Project parameter	Low	Default (AgentClinic)	High
Cost of cutover error	internal tool: 21–22/25 only semi-manual	mixed production: auto ≥23/25	payments/healthcare: auto ≥24/25
SDD process maturity	3 months → only semi-manual 20–22	6+ months → semi-manual 20–22, auto 23+	12+ months + 50+ replays → auto 23+, fewer manual stops

Exercise

The check_readiness.py script hardcodes THRESHOLD = 23. Run it with a different value via a copy:

cd book2/examples/real-api && mkdir -p out
cp scripts/check_readiness.py out/check_readiness_t22.py
sed -i 's/THRESHOLD = 23/THRESHOLD = 22/' out/check_readiness_t22.py
python3 out/check_readiness_t22.py --readiness fixtures/readiness_block_audit.json

With THRESHOLD = 22, readiness_block_audit.json is still blocked due to audit_trace_coverage=0.7 < 1.0, even though the 22/25 sum passes. This shows that audit_trace_coverage is an independent blocking invariant, not part of the sum. The exercise is about threshold sensitivity, not a recommendation to lower the auto-tolerance.

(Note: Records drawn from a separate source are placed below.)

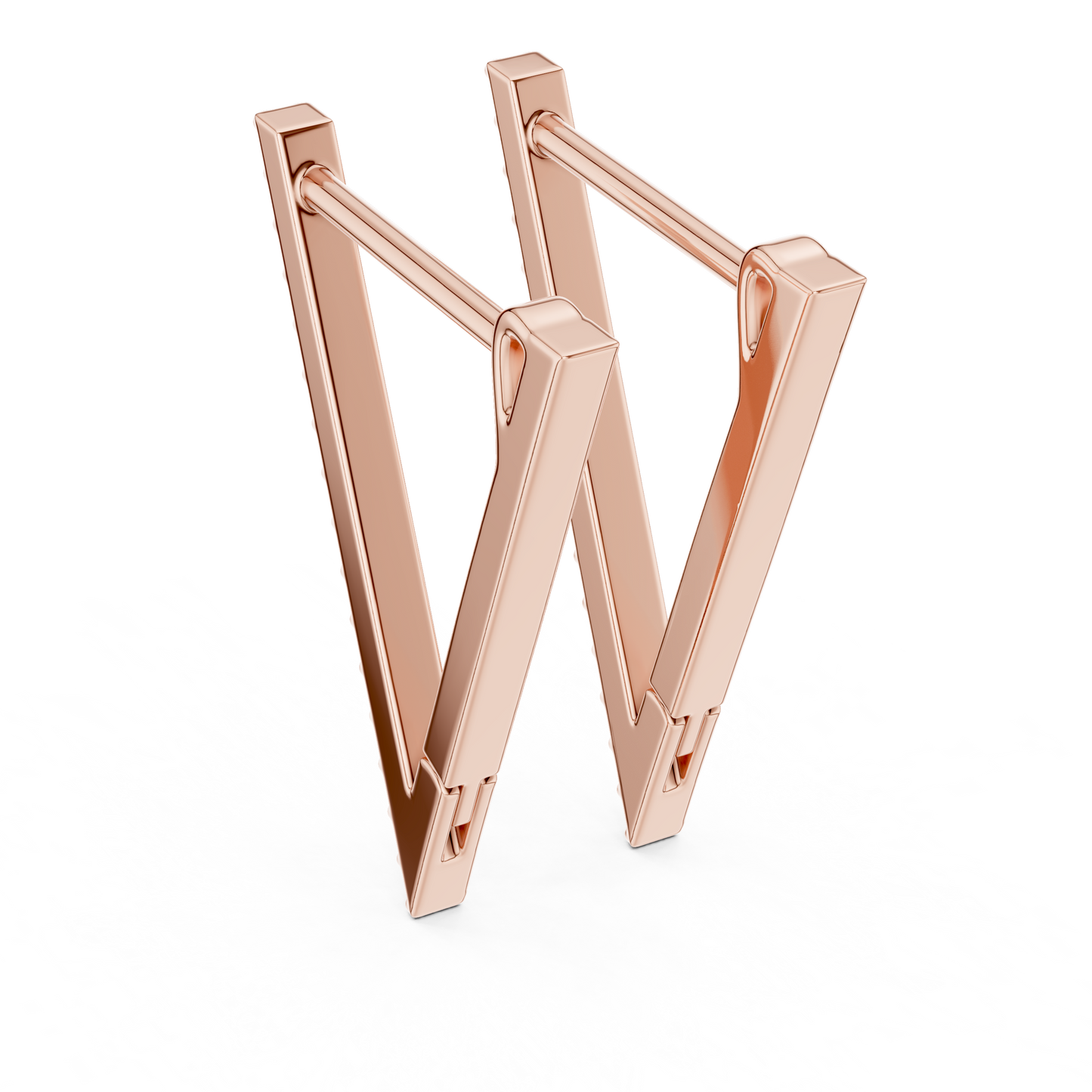 Rose Gold Geometric Hoop Earrings with Round Diamond Accents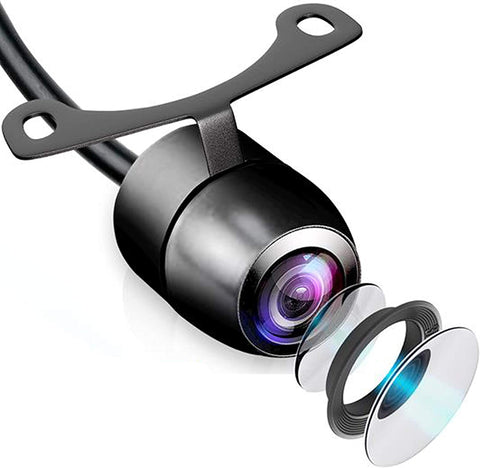Universal Mount Front Rear Camera - Marine Grade Waterproof Built-in Distance Scale Lines Backup Parking/Reverse Assist Cam w/ Night Vision LED Lights 420 TVL Resolution & RCA Output - Pyle PLCM38FRV,Black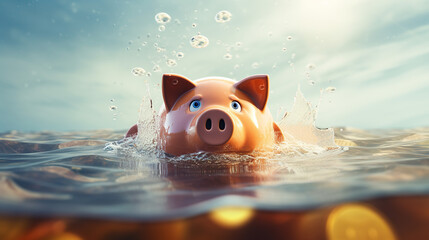debt Piggy bank little cracks.worried float on water surface
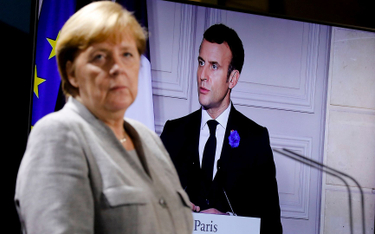 Niemcy i Francja (na zdj. kanclerz Merkel i prezydent Macron) w tej sprawie stoją po stronie Ameryki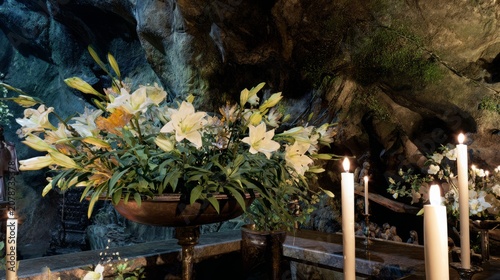 Cave shrine with lilies and candles, woman in silent devotion.
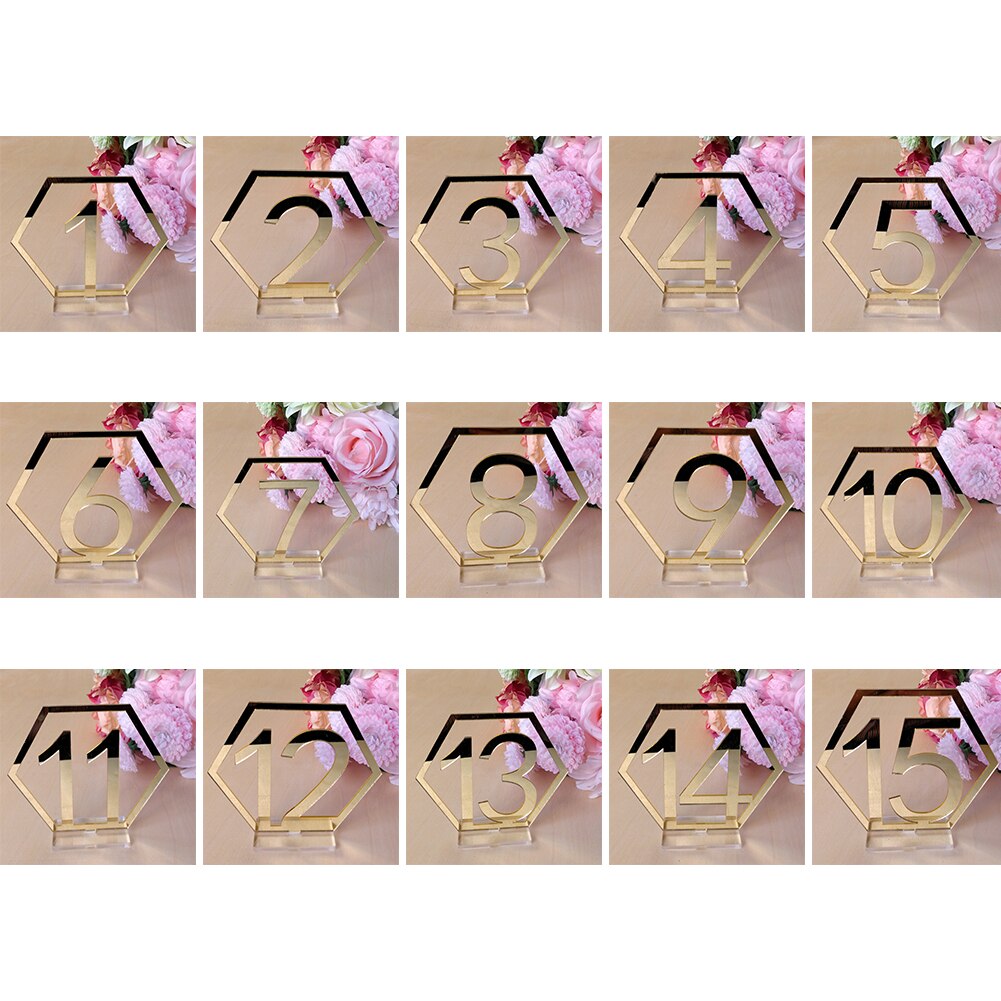 1~10/15/20 Number Table Signs For Wedding Party Decor Silver Or Gold Roman Number Centerpiece Hexagon Table Seat Card #734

When to revisit the threshold

Over a quarter, no readiness is blocked by the threshold — it is too low for the team's current maturity.

The share of semi-manual incidents grows for three sprints in a row — the 23/25 threshold is not met due to a systemic gap in Verification or Process.
A class of actions with stateful=true has appeared — require backup_verified and raise the threshold for that class to 24/25.
All readiness failures over a month come from a single axis — this is a gap in SDD templates; fix the templates, not move the threshold.
Readiness artifact build time exceeds the cutover SLA — reconsider which points can be automated, rather than lowering the threshold.

Risk: the 23/25 threshold is incompatible with a zero Security score at any sum — such a failure blocks merging regardless of the result. Lowering below 23/25 changes the operating mode: this is no longer auto-tolerance, but a semi-manual or canary mode. Even "low" (21/25) is a stop after every implement step and explicit operator confirmation, not a license for the agent to perform remediation on its own.